**Work required:** Any picture in the data below should be skipped, while every line is repeated exactly.

*** Given material Section Begins ***

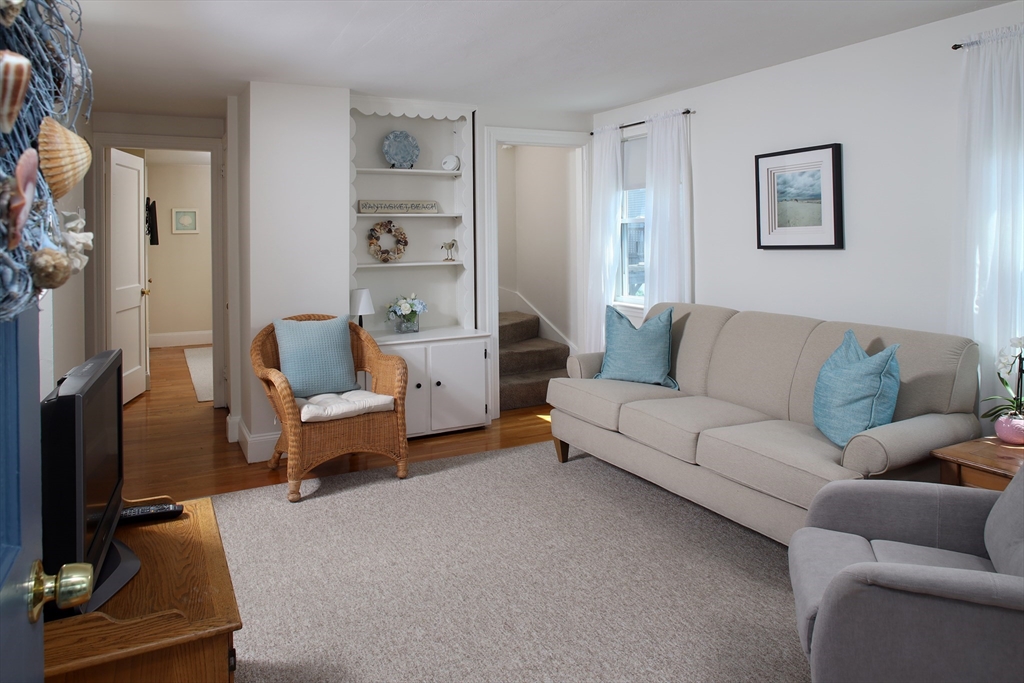84 Newport Road Hull, MA 02045 - Photo 9 of 27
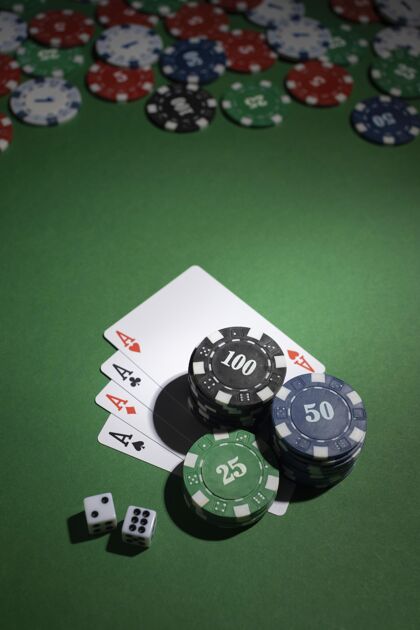 赌场筹码带王牌的绿色背景赌场代币游戏幸运成功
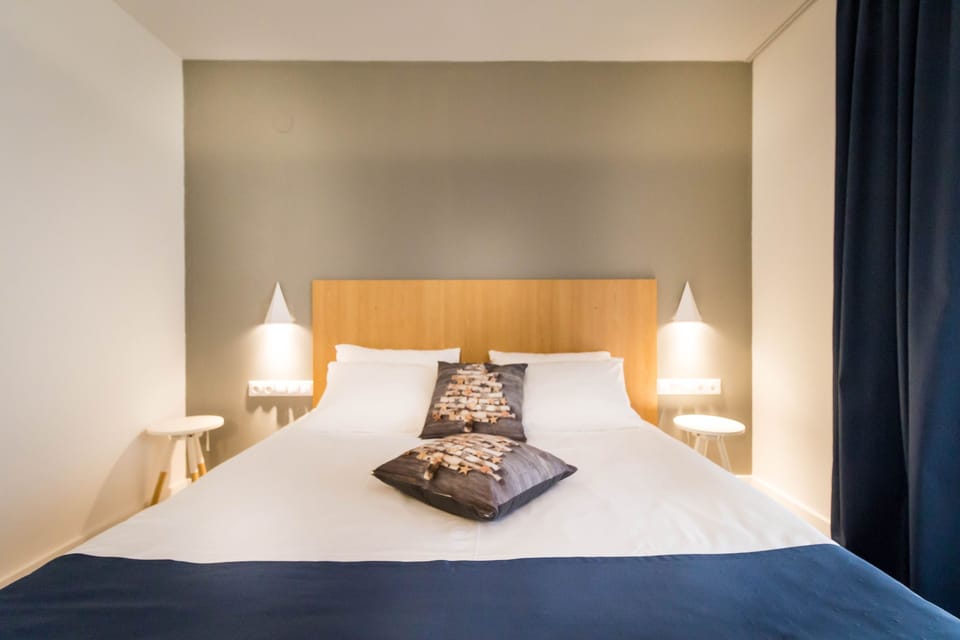 Deluxe Double Room | In-room safe, desk, free cribs/infant beds, free WiFi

*** Given material Section Ends ***

**Response to the exercise:**
84 Newport Road Hull, MA 02045 - Photo 9 of 27
 赌场筹码带王牌的绿色背景赌场代币游戏幸运成功
 Deluxe Double Room | In-room safe, desk, free cribs/infant beds, free WiFi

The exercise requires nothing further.